The EB-1A is a green card category that is available to foreign nationals who can demonstrate extraordinary ability in the sciences, arts, education, business, or athletics through sustained national or international acclaim. Your achievements must be recognized in your field and proved through extensive documentation.

Citation count numbers are relevant to support the following criteria in either an O-1A visa petition or EB-1A petition (“extraordinary ability” petitions):

  • Published material in professional or major trade publications, newspapers or other major media about the beneficiary and the beneficiary’s work in the field for which classification is sought; and
  • Original scientific, scholarly, or business-related contributions of major significance in the field

Specifically, the citation counts of your publication will support, in part, a showing of originality and major significance in the field. A high number of citation counts can also demonstrate that others have published material about your work, although this is most useful if the citation is in a prestigious or prominent publication and ideally the publication would include information about your work beyond just the citation. A common question is whether citation numbers are required to be submitted for these criteria. The short answer is that it depends on your field of expertise.

For certain fields, it is perfectly commonplace for research papers that cite and are cited by others to be published. For example, if you are undertaking or completed a PhD degree in the sciences, it would be normal for you to have published one or several research papers during the course of your studies and work. However, in certain other fields such as business or technology, it may well be the norm for there to be no published research papers. That means that depending on your field and area of expertise, citation numbers may or may not be required as evidence. Furthermore, if you have low citation numbers but are able to show that it is still above the average citation numbers for others in the field, your actual low citation number itself would not matter as much.

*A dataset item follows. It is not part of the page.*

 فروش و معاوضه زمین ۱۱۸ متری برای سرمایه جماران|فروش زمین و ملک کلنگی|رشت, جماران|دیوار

If you have published work, submitting the publications alone would be insufficient and you would have to submit other supporting evidence related to the papers, including citation numbers (if any), details about the journal and journal’s ranking (e.g. impact factor), any conferences where the paper was presented and other measurable factors that go to support a showing of the originality and major significance of the papers. The impact factor becomes especially important if your research papers were only recently published and therefore have not had time to accumulate high citation numbers. In such instances, by emphasizing a strong impact factor (i.e. the number of times an article in a journal has been cited in a given year), you may be able to show that there is strong potential for the publication to garner more citations in the future.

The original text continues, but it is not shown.